Frederick C. Sturm, Philadelphia, Pa., for plaintiff.
Alan Schwartz, Philadelphia, Pa., for Richard Irene Coyle.
Carl Weiss, Philadelphia, Pa., for Barry Goldstein and Gary Friedberg.
MEMORANDUM
The plaintiff, Elwood Keller, brought this action against all of the defendants under section 10(b) of the Securities Exchange Act of 1934, 15 U.S.C.A. § 78j, and Rule 10b-5, 17 C.F.R. § 240.10b-5. The plaintiff has also asserted a pendent state law claim against the defendants alleging fraud. The complaint alleges that the defendants Richard and Irene Coyle violated section 10(b) and Rule 10b-5, and defrauded the plaintiff, when Richard Coyle made untrue statements to the plaintiff in connection with the plaintiff's purchase from Irene Coyle of all of the stock in a bar that was owned and operated by the Coyles. The defendants Barry Goldstein, Esq. and Gary Friedberg, Esq., attorneys in the same law firm, drafted the agreement of sale and other legal documents in connection with the sale of the bar. The plaintiff alleges that Goldstein and Friedberg aided and abetted the Coyles in connection with the alleged Rule 10b-5 violation and the alleged fraud by: (1) representing both the buyer and the seller in the transaction while members of the same law firm; and (2) representing to the plaintiff that the transaction was fair and reasonable when they knew or had reason to know that the representations were untrue. Both Goldstein and Friedberg have moved for summary judgment. For the reasons hereinafter set forth, their motion will be granted.
Rule 10b-5 provides:
It shall be unlawful for any person directly or indirectly, by the use of any means or instrumentality of interstate commerce, or of the mails or of any facility of any national securities exchange,
(a) To employ any device, scheme, or artifice to defraud,
(b) To make any untrue statement of a material fact or to omit to state a material fact necessary in order to make the statements made, in the light of the circumstances under which they were made, not misleading, or
(c) To engage in any act, practice, or course of business which operates or would operate as a fraud or deceit upon any person,
in connection with the purchase or sale of any security.

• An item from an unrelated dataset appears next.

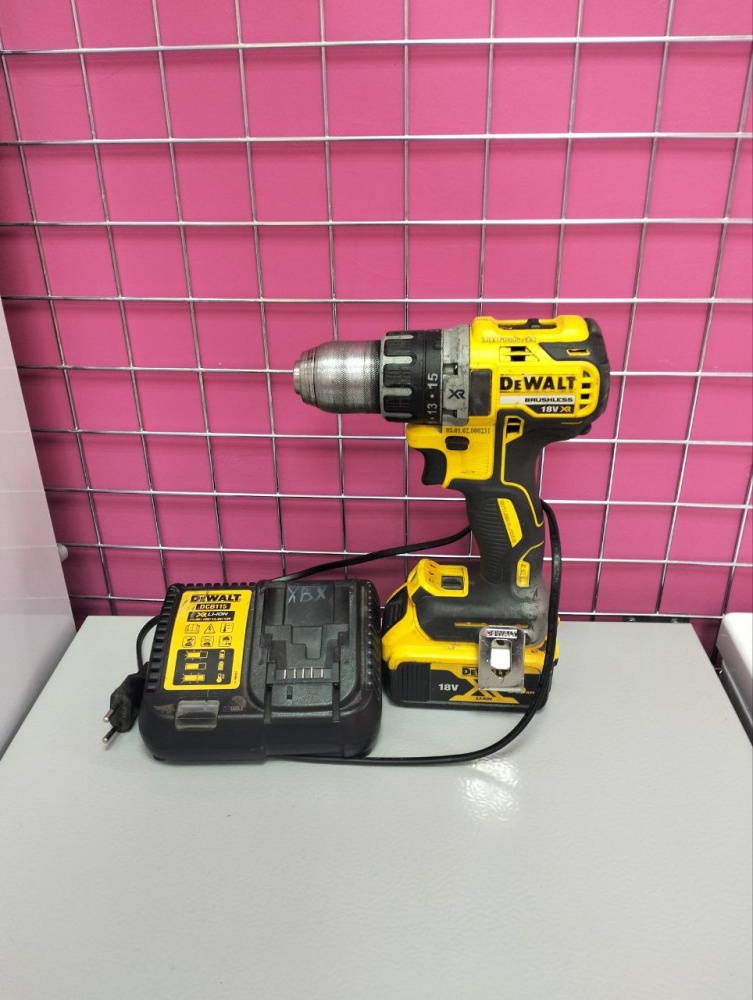 Шуруповерт DEWALT DCD791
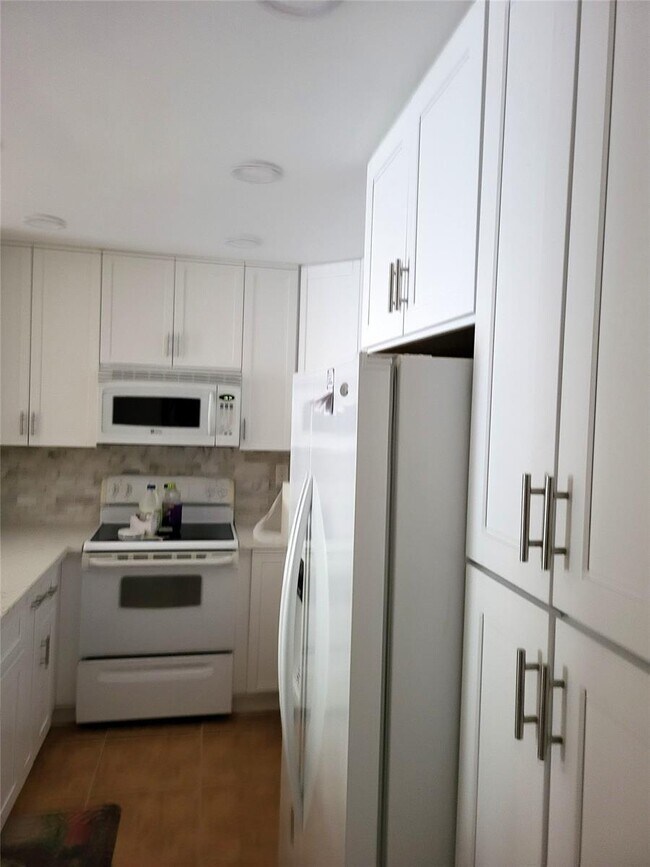 Foto del edificio - 4145 NW 90th Ave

Summary judgment may be granted:
if the pleadings, depositions, answers to interrogatories, and admissions on file, together with the affidavits, if any, show that there is no genuine issue as to any material fact and that the moving party is entitled to a judgment as a matter of law. Fed.R.Civ.P. 56(c).
If the affidavits, depositions, other matters of record, and any reasonable inferences therefrom, interpreted in a light most favorable to the plaintiff, who is the nonmoving party, reveal the existence of a genuine issue of material fact, the motion for summary judgment must be denied. Sanford v. O'Neill, 616 F.2d 92 (3d Cir. 1980); Perks v. Firestone Tire Rubber Co., 611 F.2d 1363 (3d Cir. 1979). In support of their motion, Goldstein and Friedberg have submitted affidavits. The plaintiff has submitted the depositions of Goldstein, Friedberg, and himself in opposition to the motion.
The record shows that the plaintiff and the Coyle defendants had been friends for approximately five years prior to the transaction in question, and that the plaintiff had lent $3000.00 to Richard Coyle in 1975 to start a taxicab business which failed shortly thereafter. In 1977, Richard Coyle asked the plaintiff if he would be interested in buying from his wife, Irene Coyle, all of the stock in the San Francisco East, a bar in Philadelphia. The plaintiff stated in his deposition that he agreed to buy all of Irene Coyle's stock in the San Francisco East after his initial conversation with Richard Coyle, and that his decision to buy the bar was based on the representation made to him by Richard Coyle, who managed the bar, that the bar grossed about $3100.00 per week although, for tax reasons, the books showed only $2200.00 gross income per week.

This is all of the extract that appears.